UX & Service Designer for Connected Products



Reflections on Mobile UI Design (Part 1 of 2)

Category : Aesthetics, Blog Post, Interaction Design, UX April 9, 2010

About 2 months ago I resigned from Motorola. During the last 5 years, I gained tremendous amount of experience and worked with many immensely talented people. There is never a good time to end such a great relationship but personal life and new prospects call for a shift in direction. It was my time to turn a new page.

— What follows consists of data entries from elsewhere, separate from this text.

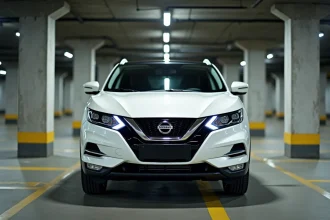 Nissan Qashqai blanc garé dans un parking urbain, vue 3/4 avant mettant en valeur le capot moteur et la calandre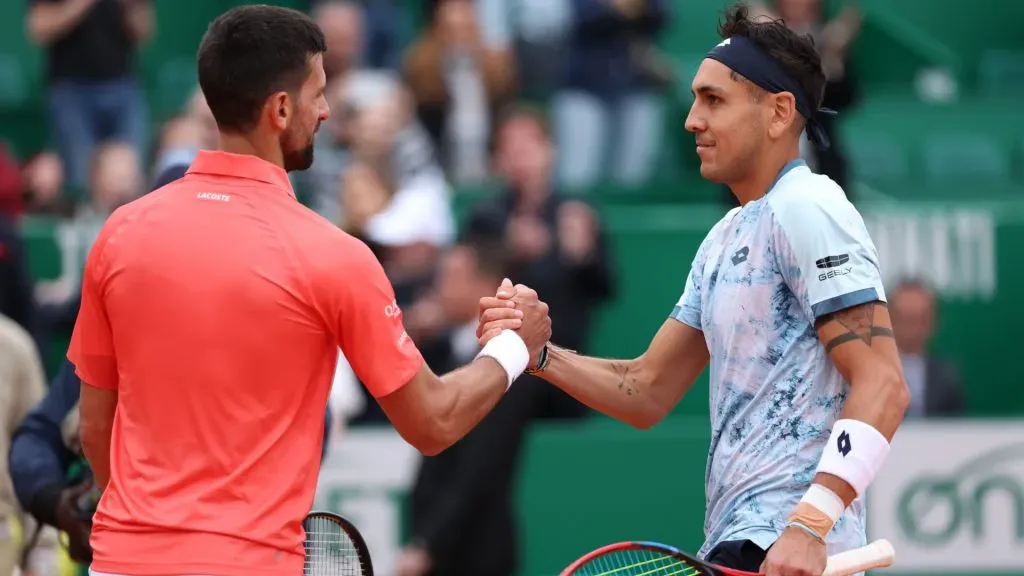 • Tabilo shaking hands with Djokovic aafter his victory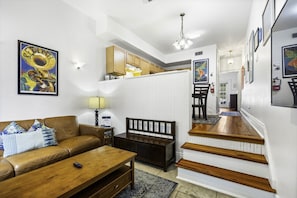 A modern living room with a brown leather sofa, a wooden coffee table, and a small side table with a lamp. There is a staircase leading to an upper level with wooden flooring.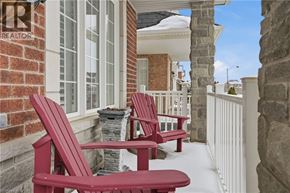 Hamilton apartment for rent - Two red chairs and a table on a porch.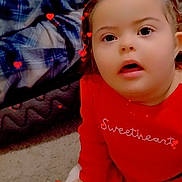 Wynter Faye joined the competition — help win amazing prizes! toddler, child, red_clothing, sitting, carpet, indoor, heart_effects, cute, portrait, baby, face, expression, white_pants, patterned_pants, cozy, floor, person, young_child, playful, warm_colors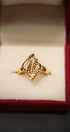Intricate gold ring pattern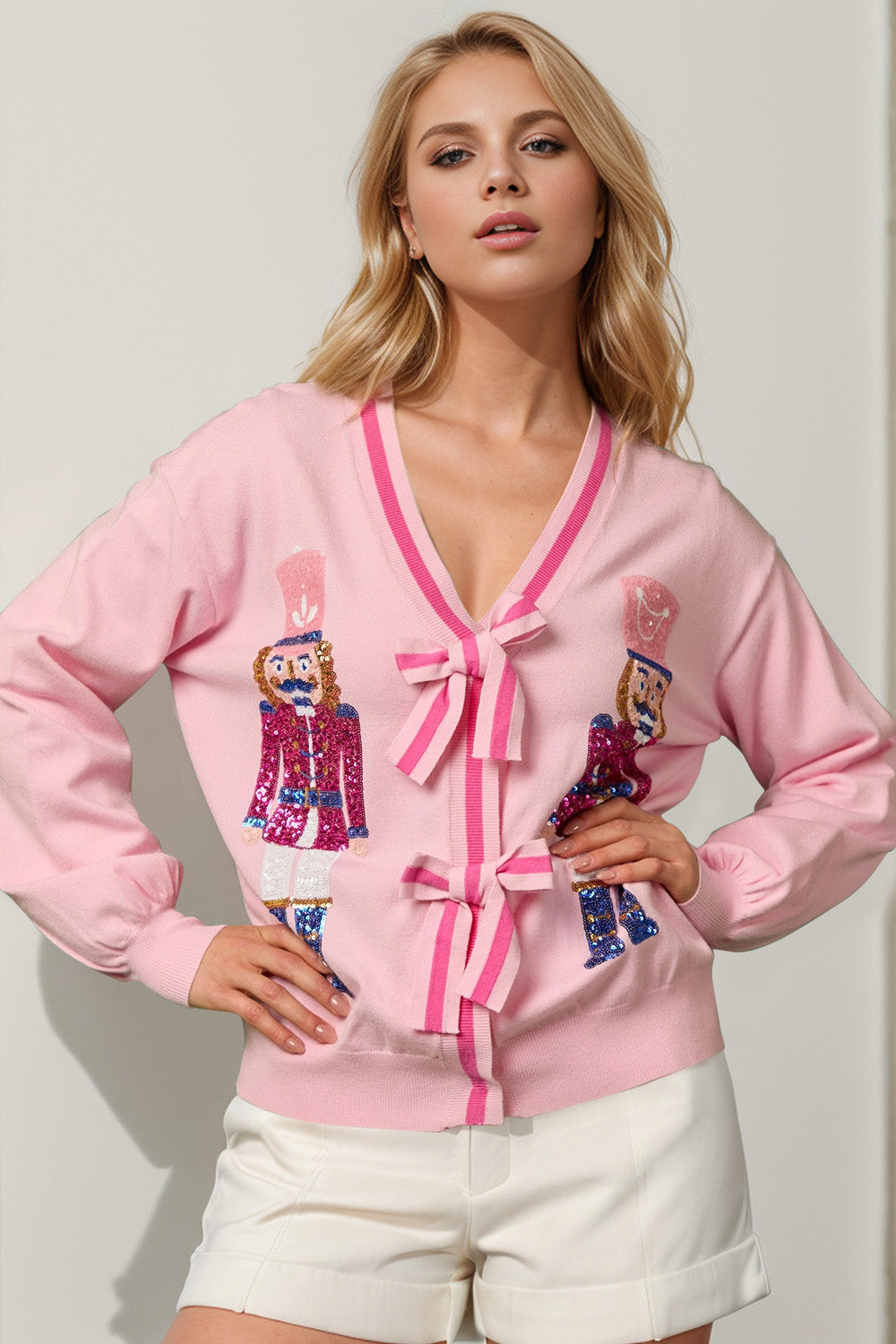 Blush pink cardigan with sequin nutcracker embellishments and bow-tie closures.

After reflecting on my past 5 years, I found my perspective on interaction design to be very different than when I left DePaul University in 2003. Here’s what I learned:

Interaction Design is an exercise to define context
One of my recent favourite quotes is Alice Rawsthorn’s comment on the new generation of products in ‘Objectified‘, to which she thinks “the form bears absolutely no relation to the function.” If that is a trend in product design, it is a tradition in digital interaction design. Most digital UI controls lack volumetric and tactile properties. Many designers, including myself when I started my career, seek arrangements of controls that ‘make sense’ and to create ‘affordance’ in the design. What I have come to realize is that correctly and efficiently communicate a context of use with the user is a much more reliable path to a usable and engaging design.

Generally speaking, users perceive an user interface in aggregate, not by individual component. If all the components on the first few screens efficiently and coherently communicate what type of application it is (e.g. an media player with online contents on my mobile) and the rest of the application also aligns with that character, usage is generally clear and fluid. Focusing the on the arrangements and placements of controls along is not enough. In fact, being overly stringent in building and applying usability guidelines put undue restrictions to the designers and leads to interaction designs are that overly instructional and non-engaging. Usability and rationality in design are of course important, but letting them lead the creative process is like letting a carriage lead the horse.